Your objective: Return every line from the records below in which the word "Used" is found.

Extracted entries:

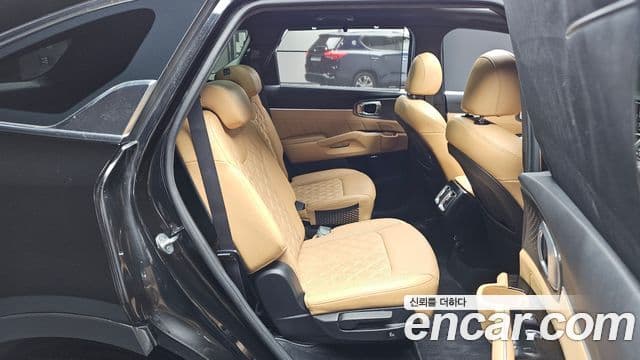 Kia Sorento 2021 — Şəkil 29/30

==

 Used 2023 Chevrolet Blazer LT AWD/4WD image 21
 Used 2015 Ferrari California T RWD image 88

Your solution:
 Used 2023 Chevrolet Blazer LT AWD/4WD image 21
 Used 2015 Ferrari California T RWD image 88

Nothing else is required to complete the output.